Data for the task below:
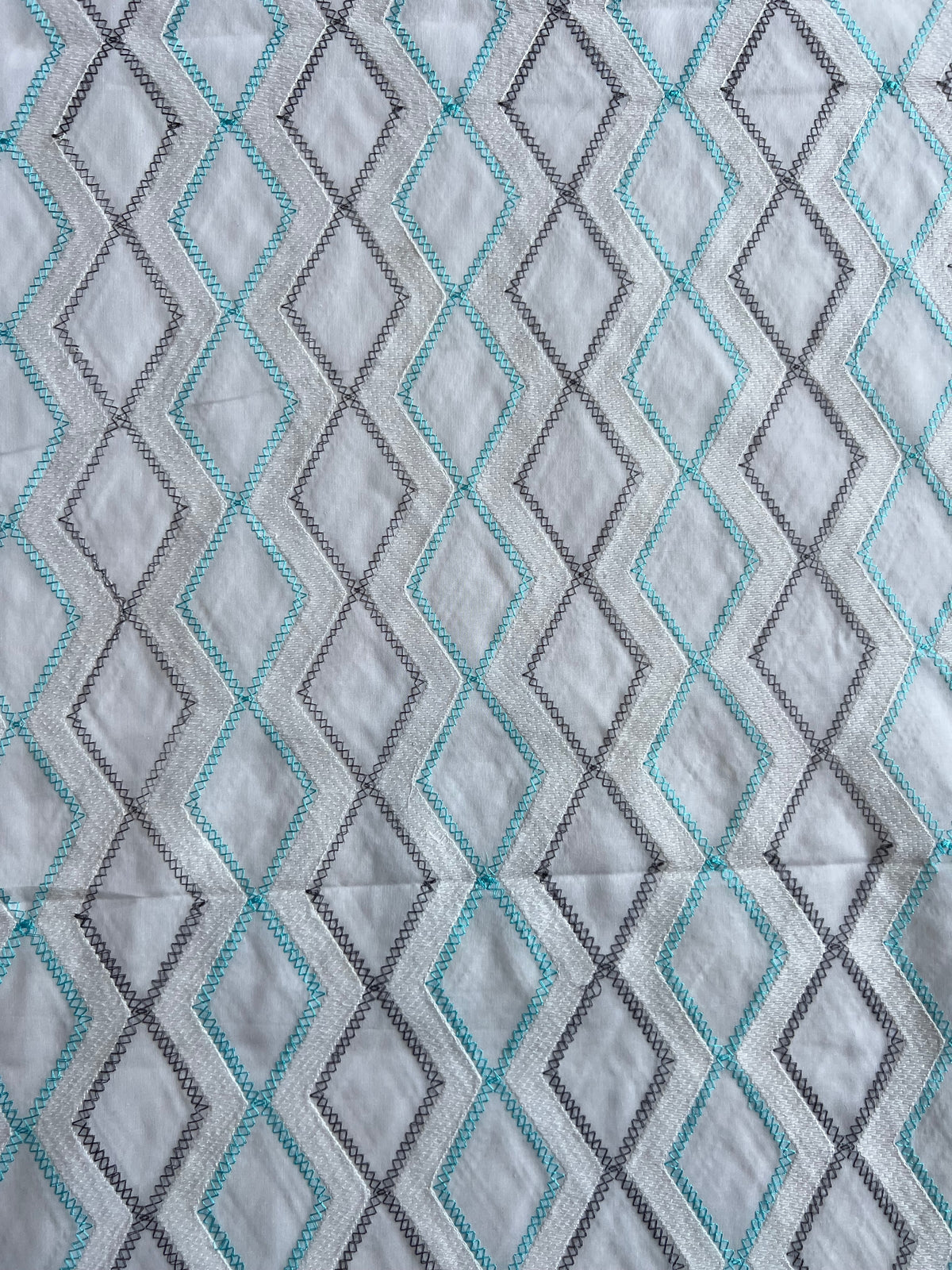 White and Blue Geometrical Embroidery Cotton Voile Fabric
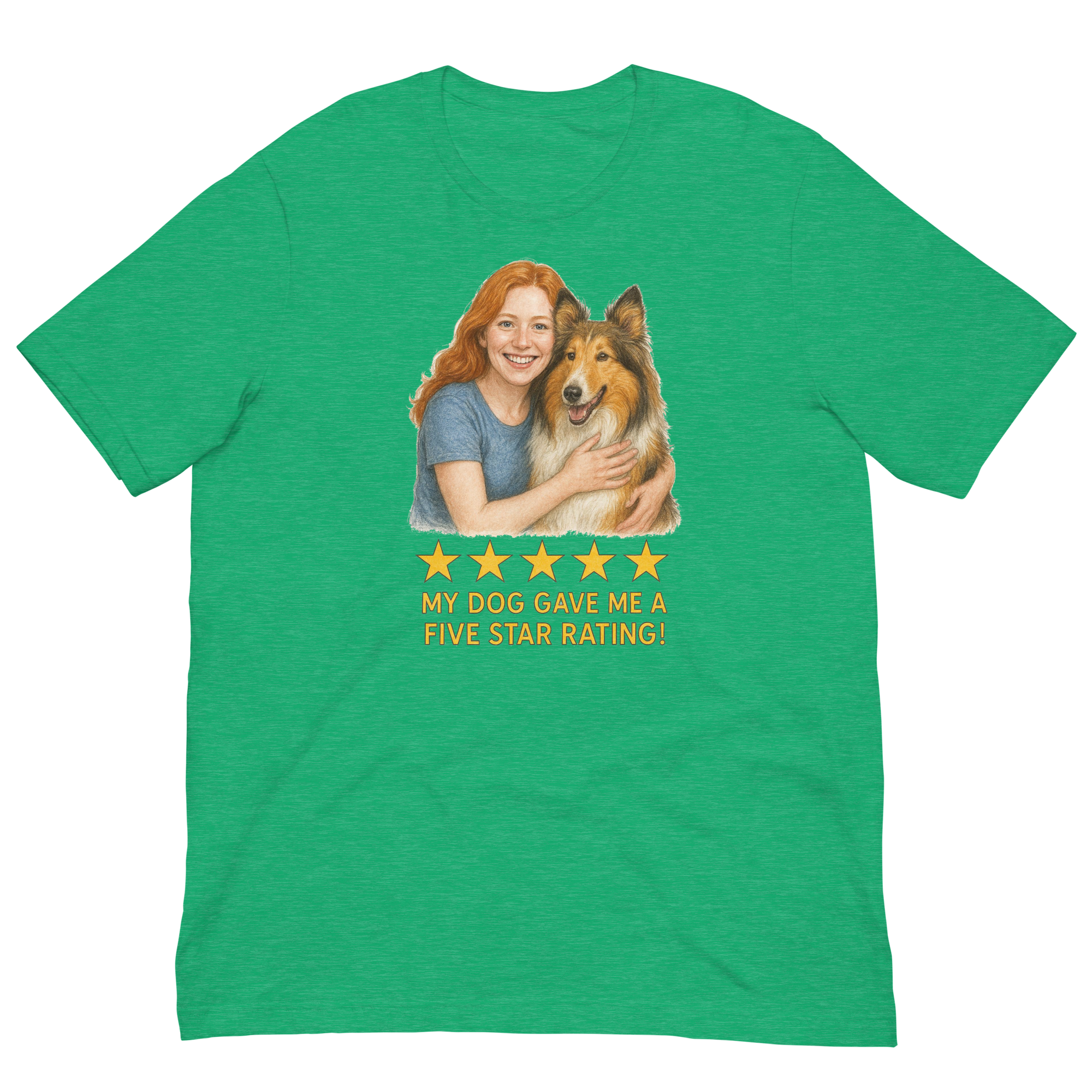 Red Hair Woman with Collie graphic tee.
End of Data for the task.
Data for the task below:
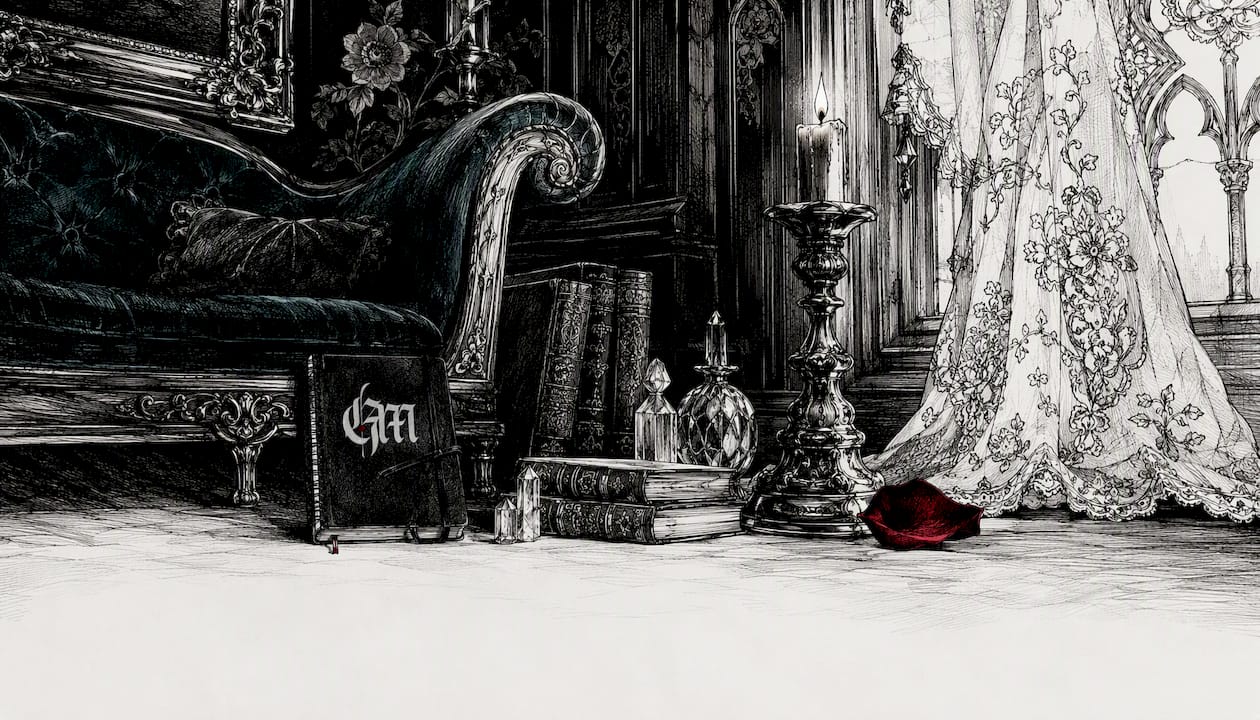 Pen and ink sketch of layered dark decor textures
End of Data for the task.
Data for the task below:
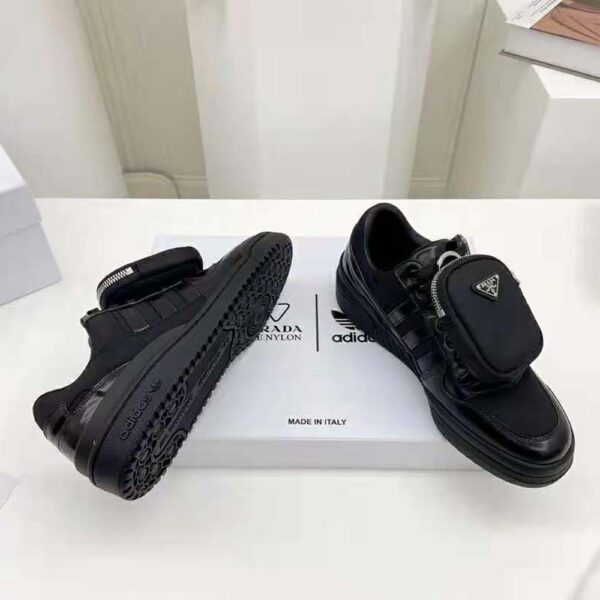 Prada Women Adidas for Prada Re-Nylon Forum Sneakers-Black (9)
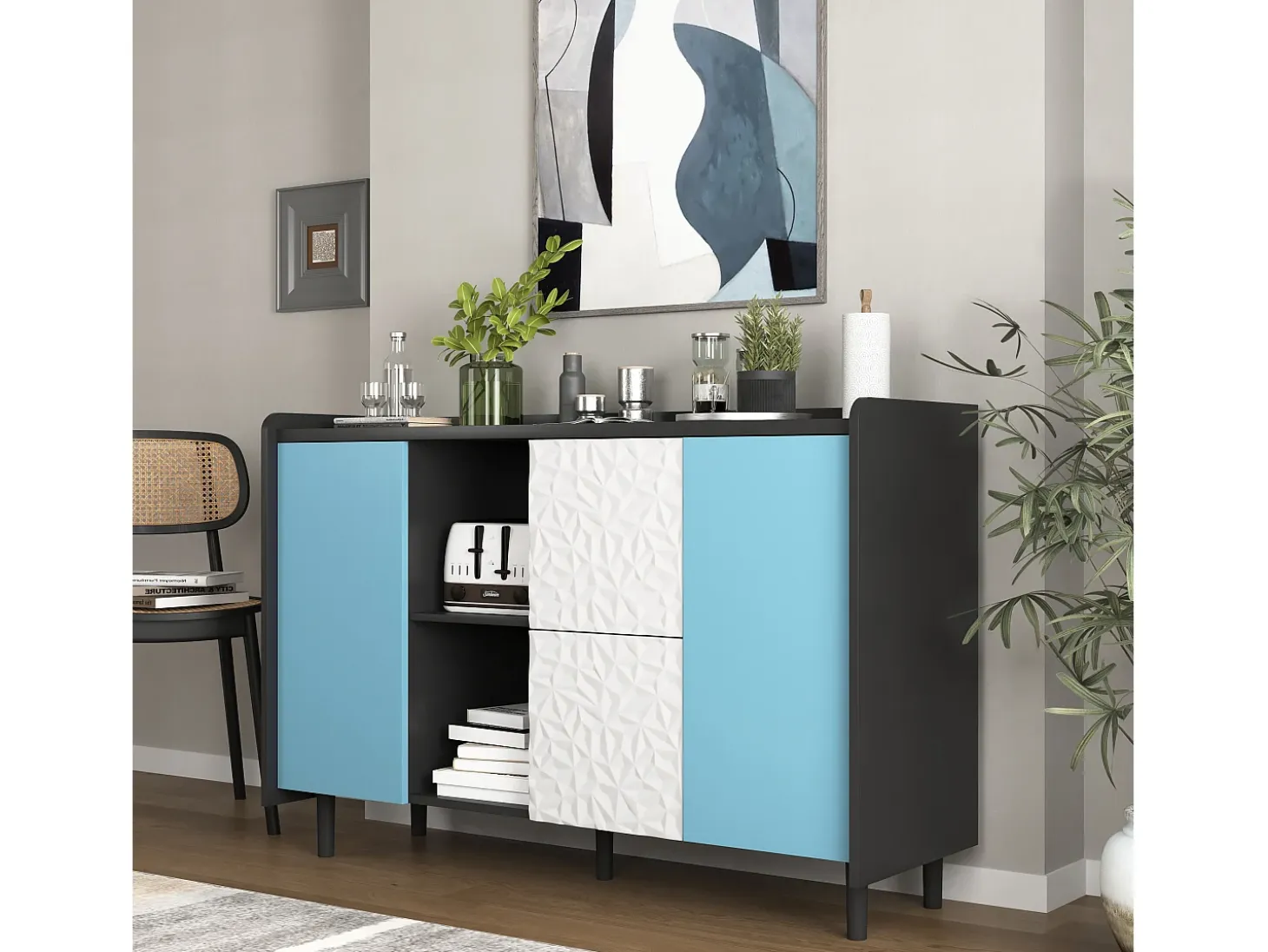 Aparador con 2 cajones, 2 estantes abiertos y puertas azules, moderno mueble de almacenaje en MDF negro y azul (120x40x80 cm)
End of Data for the task.
→ Exercise
Print nothing but the lines above starting with the line that contains "Prada Women Adidas" and going on through the line that contains "Aparador con 2". Leave out the pictures.

→ Response to this task
 Prada Women Adidas for Prada Re-Nylon Forum Sneakers-Black (9)
 Aparador con 2 cajones, 2 estantes abiertos y puertas azules, moderno mueble de almacenaje en MDF negro y azul (120x40x80 cm)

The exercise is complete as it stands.